Heda Margolius Kovály (15 September 1919 – 5 December 2010) was a Czech writer and translator. She survived the Łódź ghetto and Auschwitz where her parents died. She later escaped whilst being marched to Bergen-Belsen to find that no one would take her in. Her husband was made a deputy minister in Czechoslovakia and he was then hanged as a traitor. As the wife of disgraced man she married again and she and her husband were treated badly. They left for the US in 1968 when the country was invaded by the Warsaw Pact countries. She published her biography in 1973. She and her husband did not return to her homeland until 1996.

Early life 
She was born Heda Bloch to Jewish parents in Prague, Czechoslovakia, where she lived until 1941 when her family was rounded up along with first 5,000 of the city's Jewish population and taken to the Lodz Ghetto in central Poland.

Concentration-camp and Margolius-marriage years 
Married to her childhood sweetheart, Rudolf Margolius, she was separated from her parents when the Jews were taken out of the Łódź ghetto on arrival to the Auschwitz concentration camp in 1944. After arriving at Auschwitz, she was chosen to survive—though her parents were immediately gassed—and to work as a laborer in the Christianstadt labour camp.

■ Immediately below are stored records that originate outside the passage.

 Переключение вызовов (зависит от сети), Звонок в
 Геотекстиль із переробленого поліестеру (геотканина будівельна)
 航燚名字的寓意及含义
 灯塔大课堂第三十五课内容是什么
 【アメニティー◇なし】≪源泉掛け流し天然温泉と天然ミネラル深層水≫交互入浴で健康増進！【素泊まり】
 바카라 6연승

When the Eastern Front of the war between Germany and the Soviet Union approached the camp, its prisoners were evacuated. With a few other women in the first months of 1945, it was decided while on this journey to Bergen-Belsen, to escape back to Prague. After arriving in the city, Margolius discovered that most of the people who remained in the city during the war were too frightened by the threat of German punishment to aid an escapee from the camps.

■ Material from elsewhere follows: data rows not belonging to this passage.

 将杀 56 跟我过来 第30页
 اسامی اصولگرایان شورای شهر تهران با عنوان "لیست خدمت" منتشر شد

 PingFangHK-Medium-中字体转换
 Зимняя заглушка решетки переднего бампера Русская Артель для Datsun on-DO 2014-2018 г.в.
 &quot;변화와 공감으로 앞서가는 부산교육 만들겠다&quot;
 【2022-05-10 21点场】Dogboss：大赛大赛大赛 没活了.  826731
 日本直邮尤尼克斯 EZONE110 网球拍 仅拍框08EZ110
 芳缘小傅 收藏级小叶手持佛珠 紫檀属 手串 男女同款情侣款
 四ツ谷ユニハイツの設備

When Soviet forces finally freed Prague from Nazi control the Communist Party began to rise. The experiences of her husband at Auschwitz and Dachau concentration camps had led him to become a communist. Having been asked, he took a job with the Communist government of Klement Gottwald as Deputy Minister of Foreign Trade, despite his own and his wife's reservations about the position.

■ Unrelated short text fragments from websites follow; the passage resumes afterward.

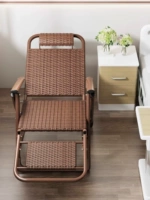 Vine Chair One Family Складывание Loc -Chair Balcon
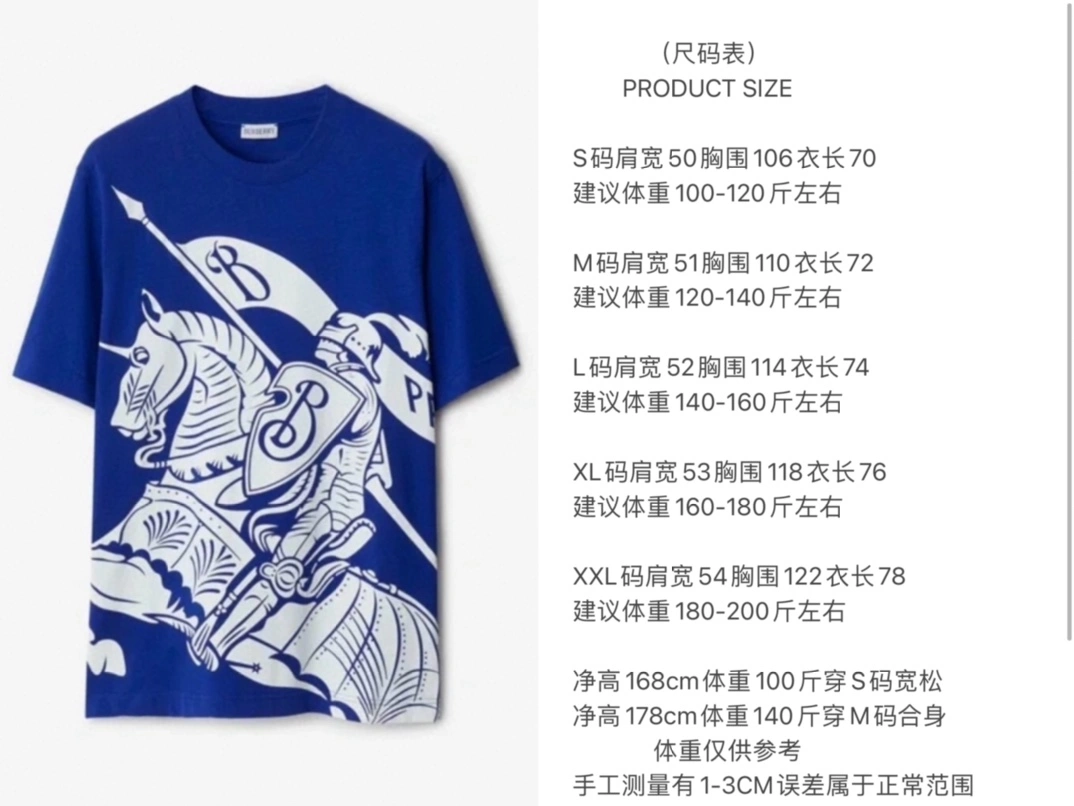 Burberry T-Shirts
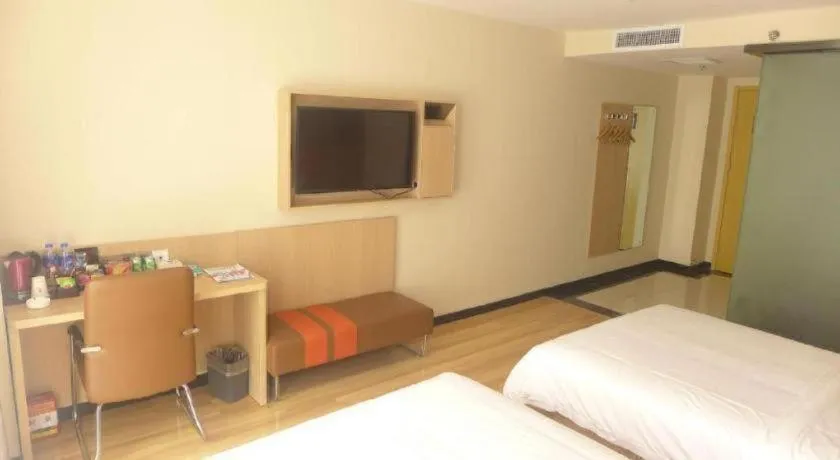 Bed in 7 Days Premium Tangshan Railway Station Jiaotong University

In 1952, her husband was found guilty of conspiracy during the notorious Slánský trial. Rudolf was one of the eleven Jews on the list of fourteen accused. Having been prevented from seeing her husband for eleven months after his arrest, and after he and the other arrested Jews gave false confessions extracted by torture, Heda later learned that he had been hanged and his body cremated and given to security officials for disposal. In a final indignity, a few miles out of Prague, the officials' limousine began to skid on the icy road and his ashes were thrown under the wheels to create traction. Related to 'a people's enemy' her life was made harder—"Heda was thrown out of her job and her apartment, and then additionally persecuted for being unemployed and homeless."

Their son, Ivan Margolius, was raised in impoverished conditions. For as long as the Communist Party remained in power, she was kept from good jobs and socially shunned. She did not tell Ivan the truth about what happened to his father until he was sixteen years old.

The Trial aftermath
Heda protested against the Slánský trial to the Czechoslovak authorities and to the office of the Presidents of the Republic a number of times. In 1966 she smuggled out of Czechoslovakia to Pavel Tigrid in Paris the secret ruling of the Czechoslovak Supreme Court cancelling the trial and its indictments in totality, which Tigrid published as a supplement to his Svědectví magazine in 1967.

Kovály-marriage years 
She remarried in 1955 to Pavel Kovály (1928–2006). Unfortunately, his name was tarnished because of his association with her as the widow of the alleged traitor, her first husband, Rudolf Margolius.

Emigration from Czechoslovakia to the United States 
Finally in 1968, when once again Soviet Union troops invaded Prague after the Prague Spring and occupation seemed inevitable, Margolius Kovály fled Czechoslovakia to the United States.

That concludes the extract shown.